SUPPLIED MATERIAL:
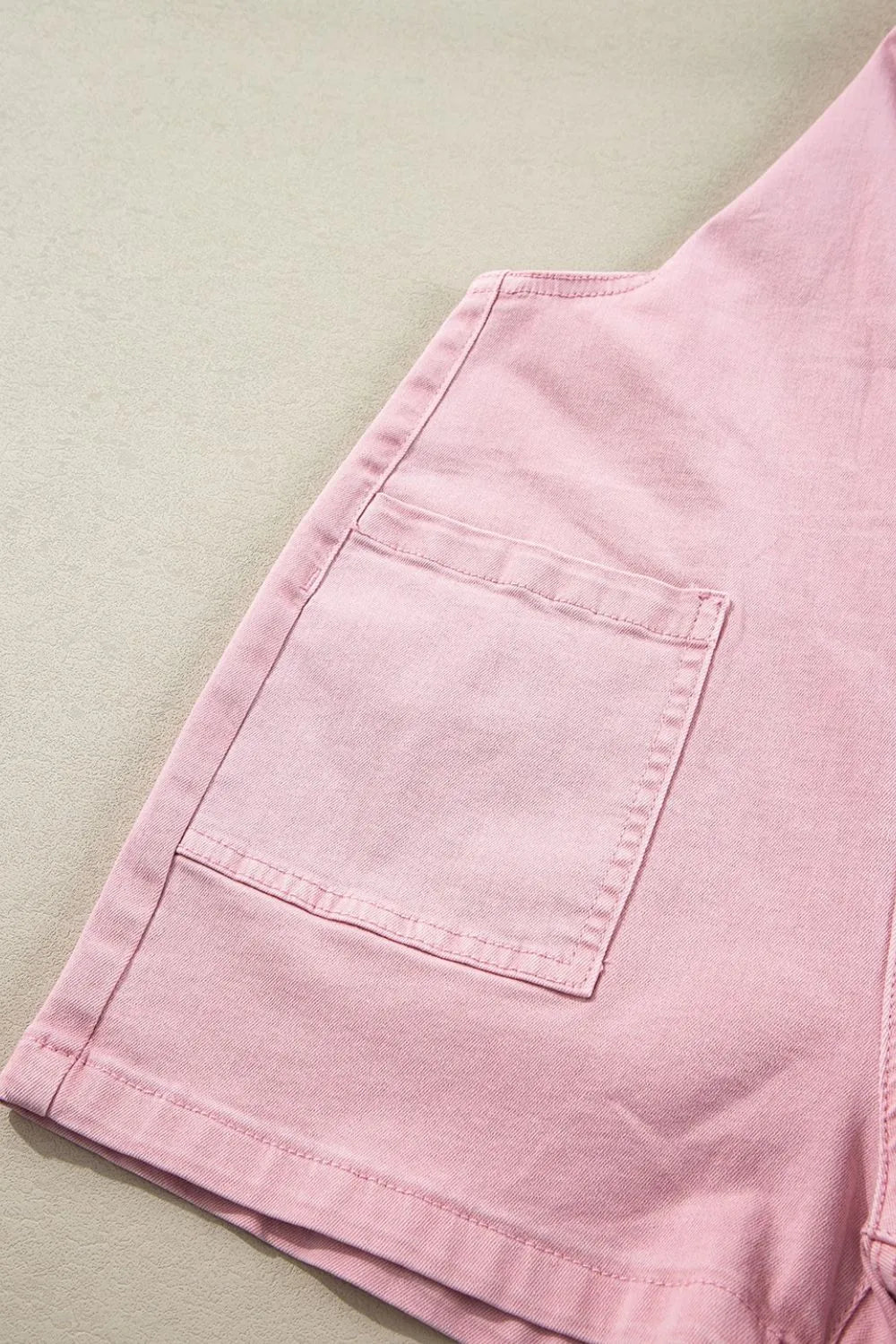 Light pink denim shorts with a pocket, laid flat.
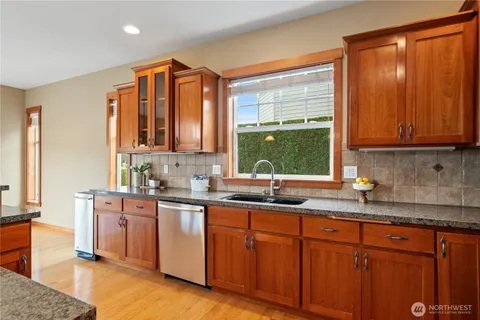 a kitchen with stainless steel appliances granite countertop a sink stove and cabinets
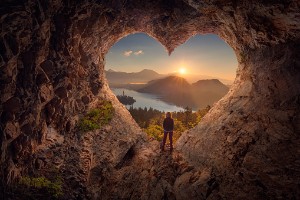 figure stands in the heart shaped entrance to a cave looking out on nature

TASK GOAL: Leaving out all pictures, transcribe the listing exactly.

SOLUTION TO THIS EXERCISE:
 Light pink denim shorts with a pocket, laid flat.
 a kitchen with stainless steel appliances granite countertop a sink stove and cabinets
 figure stands in the heart shaped entrance to a cave looking out on nature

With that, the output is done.